Basis of Presentation: The interim condensed consolidated financial statements are unaudited. Because of the nature of the Company's operations, the results for interim periods are not necessarily indicative of results to be expected for the year. While these condensed consolidated financial statements reflect all normal recurring adjustments that are, in the opinion of management, necessary for fair presentation of the results of the interim period, they do not include all of the information and footnotes required by accounting principles generally accepted in the United States of America ("GAAP") for complete financial statements.

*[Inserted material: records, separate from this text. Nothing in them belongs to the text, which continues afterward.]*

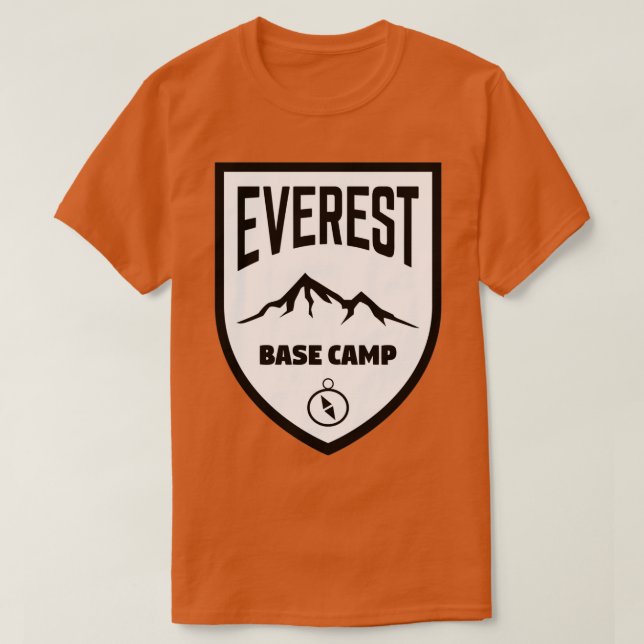 Everest Base Camp Shield Black and White T Shirt (Design framsida)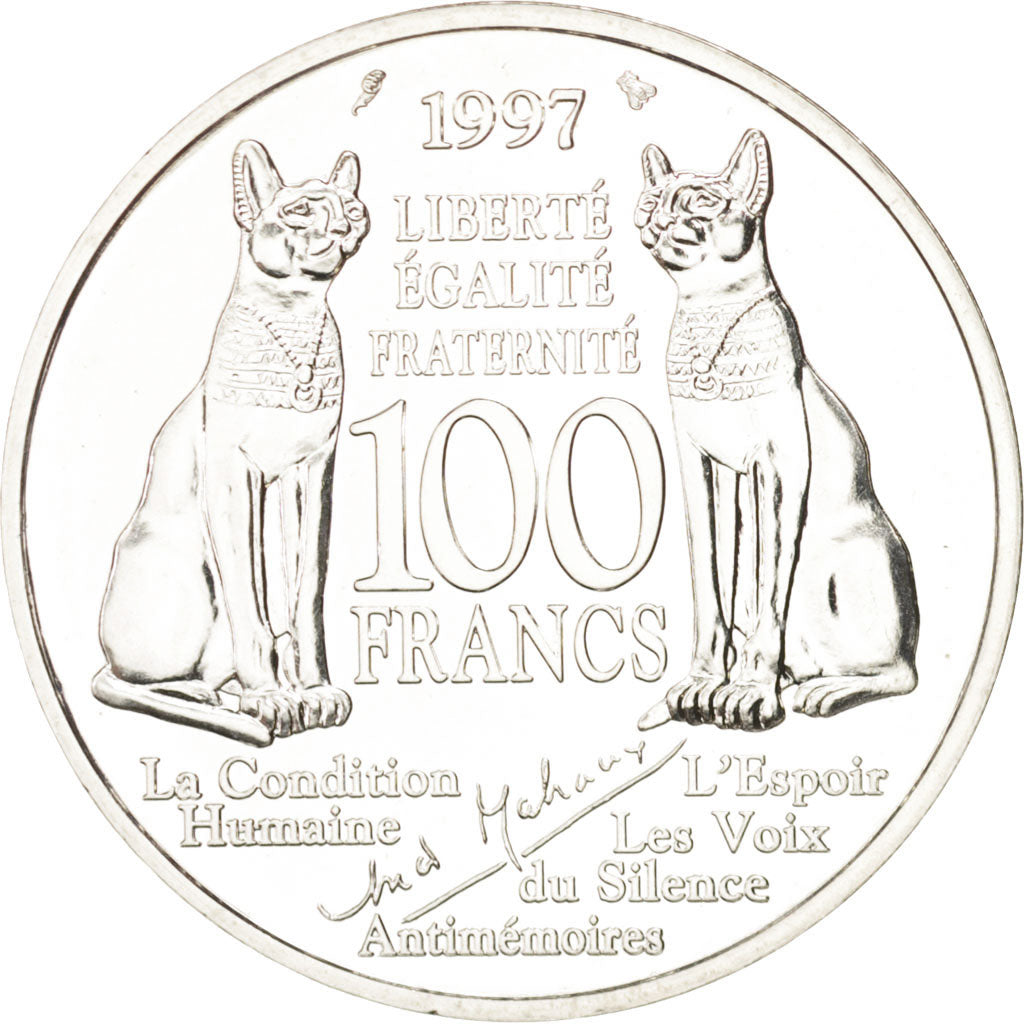 France, 100 Francs Malraux, 1997, Pattern, MS(65-70), Silver, Gadoury:954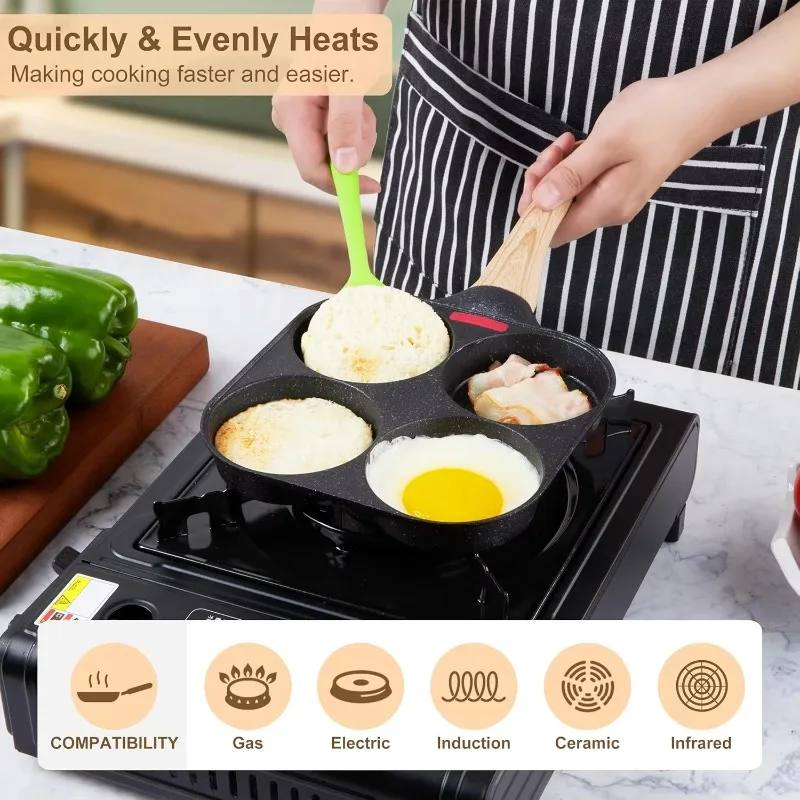 

Non-stick 4 cup egg pan omelette frying pan medical stone frying pan suitable for gas stoves and induction cookers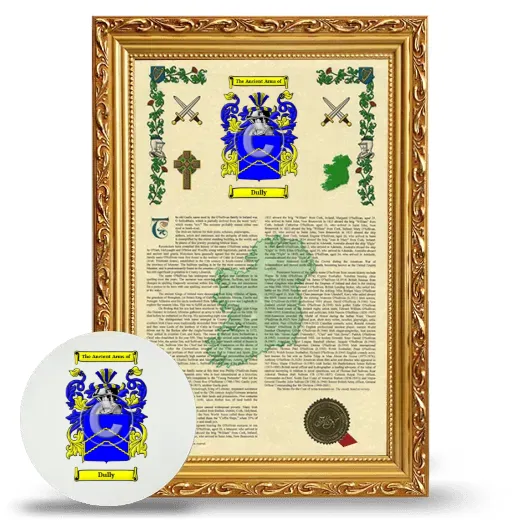 Dully Framed Armorial History and Mouse Pad - Gold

Therefore, the interim condensed consolidated financial statements should be read in conjunction with the consolidated balance sheets as of December 31, 2021 and 2020, and the related consolidated statements of operations, comprehensive income (loss), cash flows, and equity and redeemable noncontrolling interest for each of the three years ended December 31, 2021, 2020, and 2019, respectively, and the notes thereto included in the Company's Annual Report filed on Form 10-K for the year ended December 31, 2021 ("2021 Form 10-K"), and other subsequent filings with the U.S. Securities and Exchange Commission ("SEC").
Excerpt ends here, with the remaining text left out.